◆ Goal of the exercise: Give back exactly the lines of the material below that start at the line containing "MM6 메종마르지엘라 크로스백" and end at the line containing "Команда СГТУ по", and no others.

◆ Listed entries:
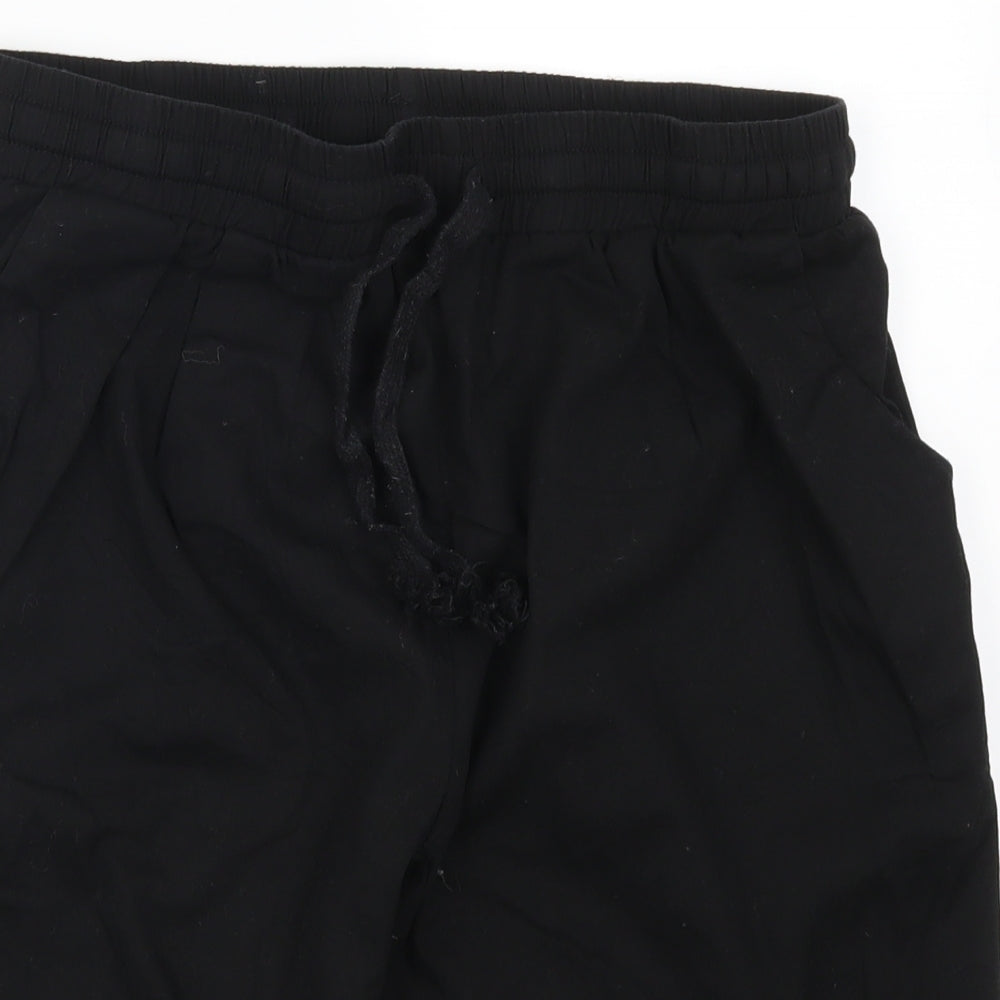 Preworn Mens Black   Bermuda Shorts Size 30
---
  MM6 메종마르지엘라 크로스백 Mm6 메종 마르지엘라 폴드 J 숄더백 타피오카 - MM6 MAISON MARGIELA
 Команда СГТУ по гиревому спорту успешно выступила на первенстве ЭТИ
* * *
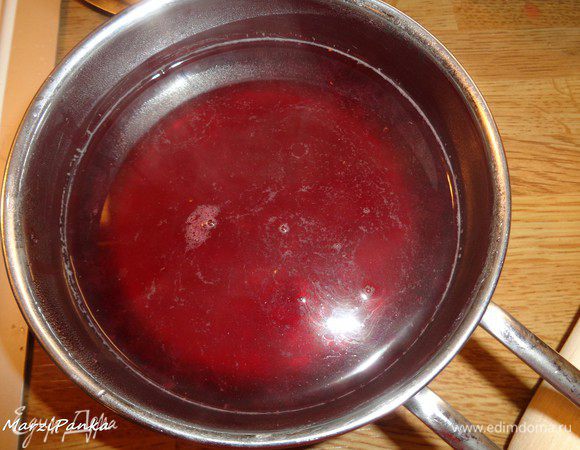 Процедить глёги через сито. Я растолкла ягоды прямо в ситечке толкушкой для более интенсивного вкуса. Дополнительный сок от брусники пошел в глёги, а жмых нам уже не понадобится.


◆ Task response:
  MM6 메종마르지엘라 크로스백 Mm6 메종 마르지엘라 폴드 J 숄더백 타피오카 - MM6 MAISON MARGIELA
 Команда СГТУ по гиревому спорту успешно выступила на первенстве ЭТИ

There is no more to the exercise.